Summary:

For all clinical research studies assigned, the Clinical Research Coordinator (CRC) is responsible for
coordinating clinical research studies in a compliant and efficient manner. Under the direction of the
Principal Investigator (PI), the CRC will collaborate with all members of the clinical research team to
ensure all federal, state, university, and protocol requirements are followed, institutional research
objectives are met, and that ethical obligations are kept. This position will be primarily responsible for
the following duties as they relate to Huntington's Disease research projects, though the scope may
expand or change.

Core Responsibilities:

• Management of all duties required for clinical research studies from initiation to close-out.
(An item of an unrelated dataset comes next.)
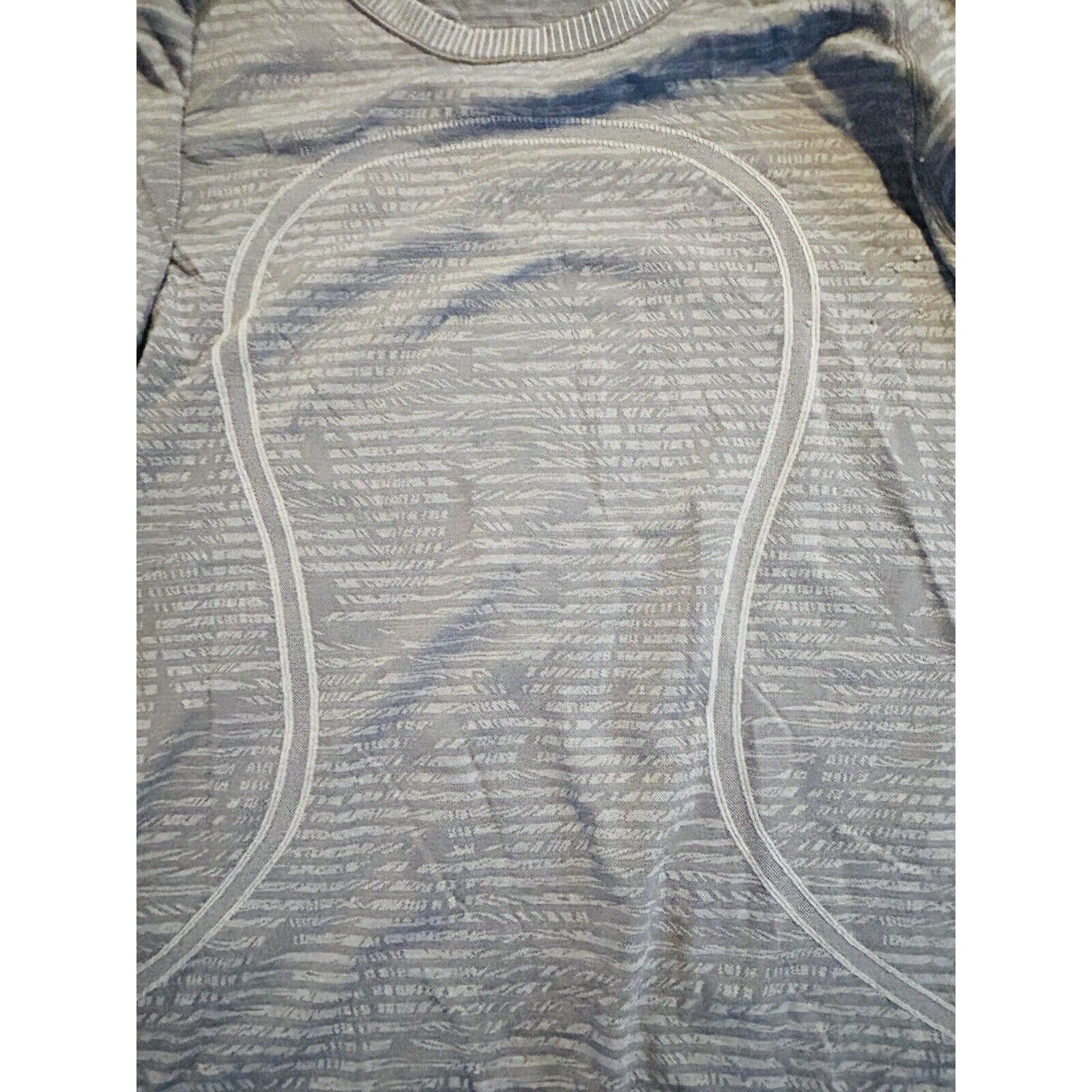 Lululemon Lululemn Shirt Wmn 12 Gry Run Swift Tech Shirt Feathr Pattrn Size XL / US 12-14 / IT 48-50 - 2 Thumbnail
• Conduct of clinical research activities as authorized by the Principal Investigator's documented
Delegation of Authority and Training Logs.
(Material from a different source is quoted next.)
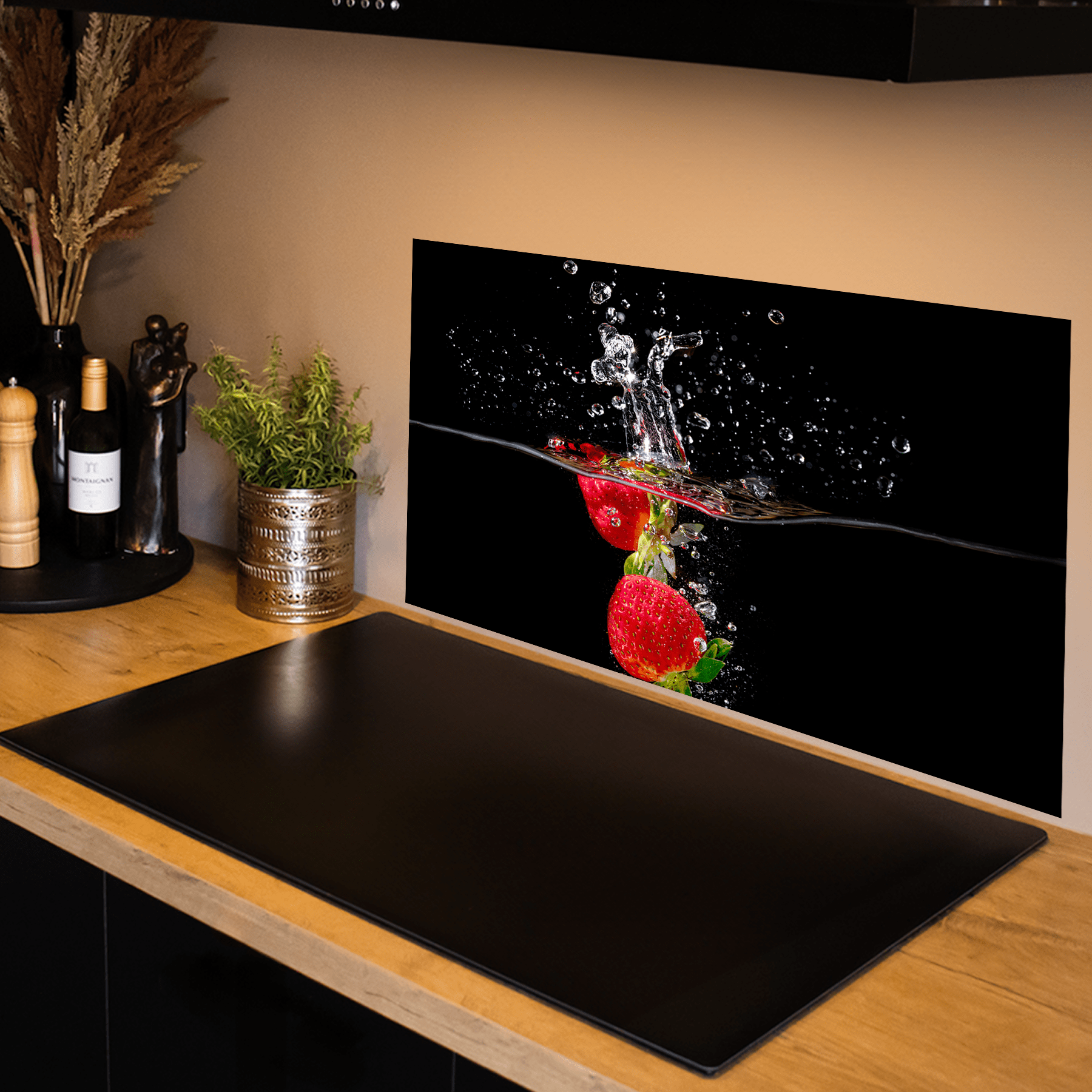 Keuken Spatscherm - Splash - Aardbeien - Water - Zwart - keuken spatscherm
• On-call coverage for research projects as needed.
• Collaboration with department administrative staff and the School of Medicine Office of
Research Administration, coordination of the initiation processes for Movement Disorders
research projects and other clinical research projects in the Department of Neurology;
• Maintenance of current CITI credentials for Human Subjects Protections, Good Clinical Practice
(GCP), Clinical Research Coordinator, plus additional sponsor GCP certifications as required.
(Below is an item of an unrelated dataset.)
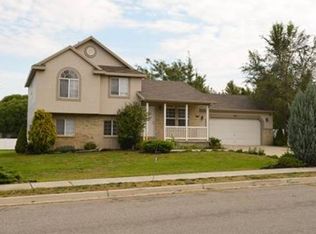 1182 W 1000 N, Clinton, UT 84015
• Understanding and adherence to all IRB requirements, Human Subjects protection regulations,
and all aspects of IRB approved protocols.
• Conducting all assigned activities in compliance with national, local, & institutional guidelines,
according to all HIPAA, GCP, and other applicable requirements.
• Study activities including coordinating new study activation requirements, screening/enrolling
participants, regulatory and compliance requirements, maintaining appropriate study
documentation/records, and managing study data.